After the blur of that Thursday night, Andrews returned to the Stadium Course the next morning with his crew “and just aerated the greens, just to get a jump,” he says. “We knew there wasn’t going to be any golf being played through the weekend so we took the opportunity. We had an aggressive cultural program and targets last year, and those three extra days gave us an opportunity to get a leg up on the year, really get off to a good start for the summer.” More aeration followed throughout the year, with greens aerated three times each month, and tees, fairways and approaches aerated “four or five times” throughout the year. Andrews says his crew also topdressed weekly, “so that kept us really busy.”

In early May, Dye’s Valley at TPC Sawgrass received the first slot on a rescheduled Korn Ferry Tour — Luke List won the new Korn Ferry Challenge by a stroke on June 14 — but the club had served as a host of sorts for regular play throughout the early months of the COVID-19 pandemic: About 90 players from the PGA Tour, the Champions Tour, the Korn Ferry Tour and the PGA Tour Latinoamérica descended on TPC Sawgrass for informal two-day competitions every week from late March to early June. “I think it was pretty smart of them,” Plotts says.

TPC Sawgrass never closed, Plotts says, and the club was able to avoid furloughing any crew members in part by not filling internships after the last round of interns headed home. Like many clubs across the country, the rest of the year was strong.

And now, with the 2021 Players scheduled to tee off March 11, emotions are in full swing. Plotts and Andrews are leading the crew again. Ten volunteers from last year are among the 75 working on the course this week. Television cameras are ready to capture every blade of grass.

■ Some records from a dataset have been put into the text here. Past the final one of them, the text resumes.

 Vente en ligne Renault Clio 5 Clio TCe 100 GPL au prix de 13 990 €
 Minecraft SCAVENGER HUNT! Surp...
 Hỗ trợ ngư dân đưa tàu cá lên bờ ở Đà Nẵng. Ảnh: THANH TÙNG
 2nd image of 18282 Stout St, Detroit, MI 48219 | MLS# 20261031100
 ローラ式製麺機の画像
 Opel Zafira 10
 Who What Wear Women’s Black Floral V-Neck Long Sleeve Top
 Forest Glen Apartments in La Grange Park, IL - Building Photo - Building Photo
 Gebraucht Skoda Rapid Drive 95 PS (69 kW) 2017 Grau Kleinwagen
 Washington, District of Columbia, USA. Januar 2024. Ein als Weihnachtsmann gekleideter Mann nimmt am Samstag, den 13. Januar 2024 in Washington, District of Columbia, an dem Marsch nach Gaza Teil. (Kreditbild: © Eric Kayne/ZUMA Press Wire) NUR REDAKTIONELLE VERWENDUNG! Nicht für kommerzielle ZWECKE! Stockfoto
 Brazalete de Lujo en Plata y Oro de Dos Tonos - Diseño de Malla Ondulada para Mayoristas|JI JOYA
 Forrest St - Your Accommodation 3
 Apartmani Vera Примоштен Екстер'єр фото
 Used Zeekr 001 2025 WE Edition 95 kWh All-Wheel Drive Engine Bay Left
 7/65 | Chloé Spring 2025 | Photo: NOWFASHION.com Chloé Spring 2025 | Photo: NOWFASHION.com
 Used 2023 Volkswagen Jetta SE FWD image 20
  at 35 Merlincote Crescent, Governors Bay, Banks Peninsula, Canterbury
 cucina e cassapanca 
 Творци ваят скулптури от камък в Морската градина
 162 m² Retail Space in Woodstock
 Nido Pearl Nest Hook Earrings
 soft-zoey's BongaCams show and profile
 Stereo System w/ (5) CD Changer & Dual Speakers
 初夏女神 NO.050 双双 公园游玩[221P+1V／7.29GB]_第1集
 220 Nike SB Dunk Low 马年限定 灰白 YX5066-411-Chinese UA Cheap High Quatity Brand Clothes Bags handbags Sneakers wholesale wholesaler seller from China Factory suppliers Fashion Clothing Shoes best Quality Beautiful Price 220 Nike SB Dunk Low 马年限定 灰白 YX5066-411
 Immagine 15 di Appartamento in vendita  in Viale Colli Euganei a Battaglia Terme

“The closer you get to perfection, the more finite the details that you have to look at are,” Andrew says. “I’m really, really, really proud of the team. We really pulled together this year and the guys that didn’t get to finish the tournament last year, they’ve been working with a chip on their shoulder to get it done. This has been really good for us as a team and I think it’s a really good step in the right direction for us moving forward. I’m excited for the new standards.

“We’re just looking forward to getting this one in the books and putting our focus on ’22.”

Matt LaWell is Golf Course Industry’s managing editor.